EXERCISE PROMPT ▸ Everything in the listing below must be reproduced exactly, apart from its images.
....................
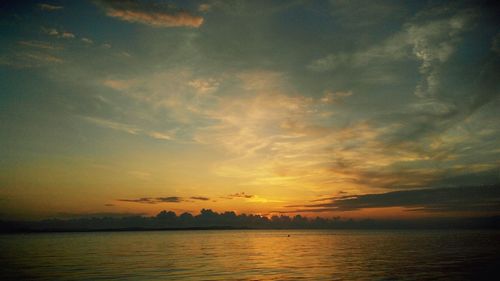 Scenic view of sunset over sea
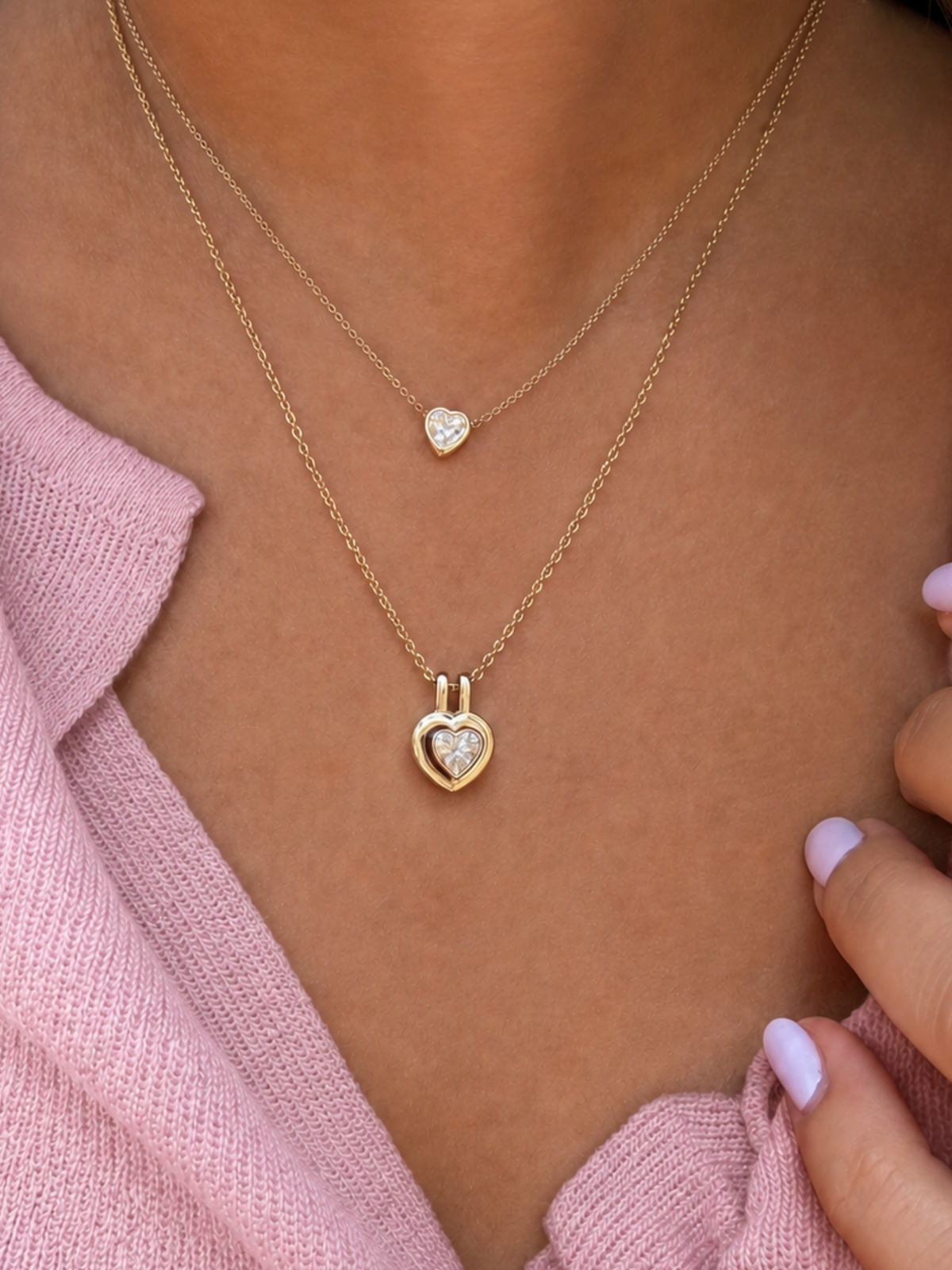 Heart-Cut Diamond Double Bezel Pendant Necklace 14K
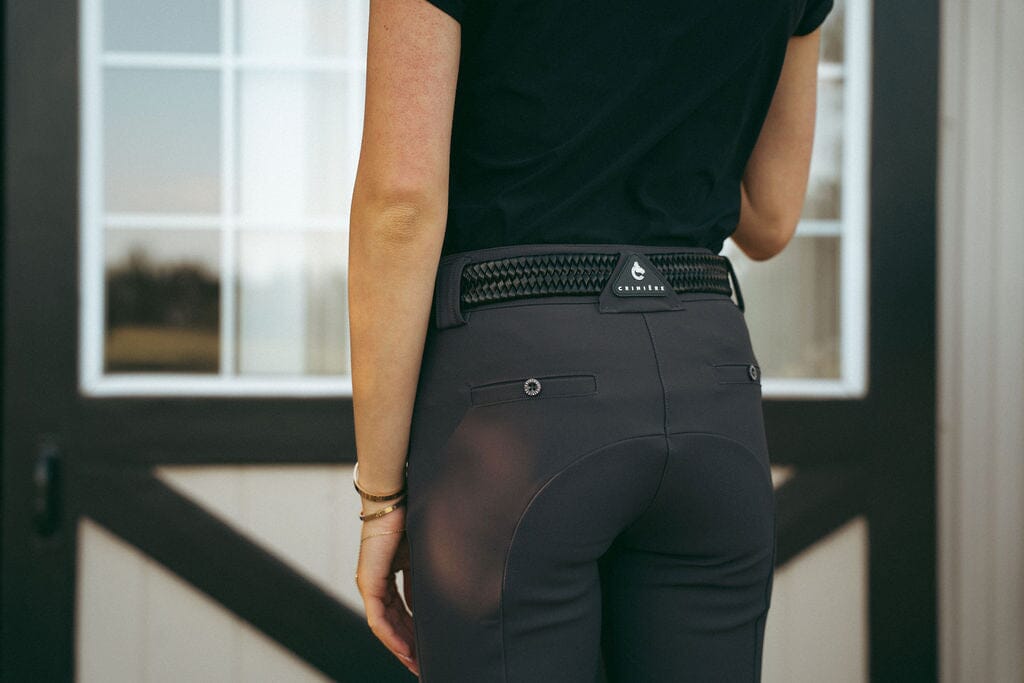 CRINIĒRE Elastic Braided Leather Belt | Black - C R I N I Ē R E - Equiluxe Tack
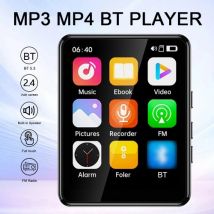 MP3 & MP4 Player with Speaker 2.4 Inch Full Touch Screen BT with Built-in Speaker and TF Card Expansion Supports E-book Reading and High Clear Video Playback USB Mini Mp3 Player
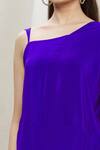 Megha Garg_Purple Crepe Asymmetric Draped Tunic _at_Aza_Fashions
....................
TASK OUTPUT ▸
 Scenic view of sunset over sea
 Heart-Cut Diamond Double Bezel Pendant Necklace 14K
 CRINIĒRE Elastic Braided Leather Belt | Black - C R I N I Ē R E - Equiluxe Tack
 MP3 & MP4 Player with Speaker 2.4 Inch Full Touch Screen BT with Built-in Speaker and TF Card Expansion Supports E-book Reading and High Clear Video Playback USB Mini Mp3 Player
 Megha Garg_Purple Crepe Asymmetric Draped Tunic _at_Aza_Fashions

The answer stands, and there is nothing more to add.